Compressing Songs: You and a partner will try to compress a song by finding patterns you can exploit. Compare your results with other groups that tried to compress the same song As you are compressing songs, try to develop a general strategy that will lead to a good compression rate every time. Think about What makes doing this compression hard?
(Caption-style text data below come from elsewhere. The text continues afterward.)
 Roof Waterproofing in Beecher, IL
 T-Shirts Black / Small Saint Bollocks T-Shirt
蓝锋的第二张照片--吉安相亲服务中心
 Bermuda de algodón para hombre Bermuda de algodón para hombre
Compression Challenges You can start in lots of different ways. Early choices affect later ones. Once you find one set of patterns, others emerge. There is a tipping point: you might be making progress compressing, but at some point the scale tips and the dictionary starts to get so big that you lose the benefit of having it. But then you might start re-thinking the dictionary to tweak some bits out. Do we think that these compression amounts that we’ve found are the best? Is there a way to know what the best compression is? BRUTE FORCE Is there a process a person can follow to find the best (or a pretty good) compression for a piece of text?
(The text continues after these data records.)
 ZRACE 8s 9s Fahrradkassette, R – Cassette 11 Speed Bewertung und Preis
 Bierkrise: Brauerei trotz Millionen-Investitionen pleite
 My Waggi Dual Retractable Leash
Developing a Heuristic:  Heuristic a problem solving approach (typically an algorithm) to find a satisfactory solution where finding an optimal or exact solution is impractical or impossible. Continue working on compressing your poem using the Text Compression Widget. As you do so, develop a set of rules, or a “heuristic” that generally seems to provide good results. Record your heuristic as a list of steps that someone else unfamiliar with the problem could follow and still end up with decent compression. Don’t be specific to the song you are compressing

Heuristic Discussion: Do you think it’s possible to describe (or write) a specific set of instructions that a person could follow that would always result in better text compression than your heuristic? Why or why not? Some compression programs (like zip) do a great job if the file is sufficiently large and has reasonable amounts of repetition. However, it is also possible to create a “compressed file” that is larger than the original because the heuristic does work in every single case. Is there a way to know that a compressed piece of text is compressed the most possible? If yes, describe how you could determine it. If no, why not? No perfect solution. The size and shape of the data will determine what the “best” answer is and we often cannot even be sure it is the best answer (only that it is better than other answers we have tried.)
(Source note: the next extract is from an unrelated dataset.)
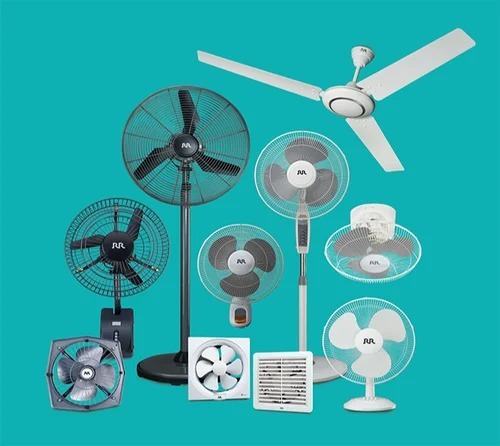 Fan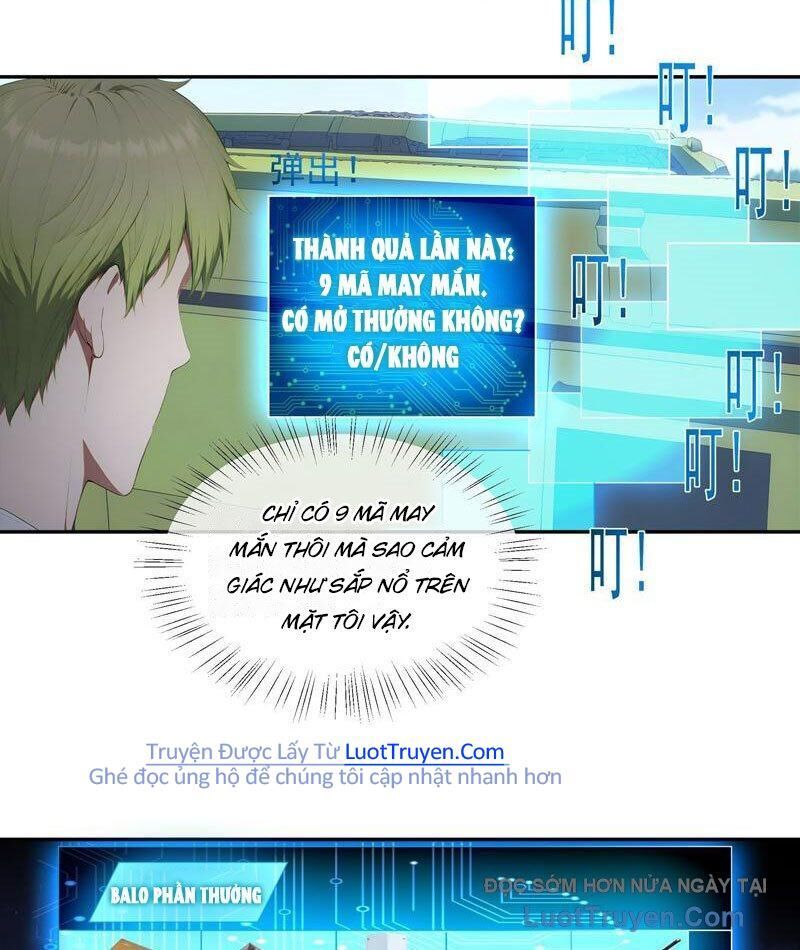 Mạt Nhật Trùng Sinh, Ta Thành Lập Chiến Đội Nữ Thần - Chapter 31 - Page 30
LZW Compression(ZIP): There is a compression algorithm called LZW compression upon which the common “zip” utility is based. Zip compression does something very similar to what you did today with the text compression widget. Zip works really well for text, but only on large files. If you try to compress the simple hello.txt file we used in a previous lesson, you'll see the resulting file is actually bigger. Zip is meant for text. It might not work well on non-text files very well because they are already compressed or don’t have the same kinds of embedded patterns that text documents do.

Wrap-Up: You should recognize that we can exploit patterns to compress our data. When we find patterns we can use abstraction(patterns referring to other patterns) to compress our message/data even further. What is Lossless Compression v. Lossy Compression? What is a heuristic?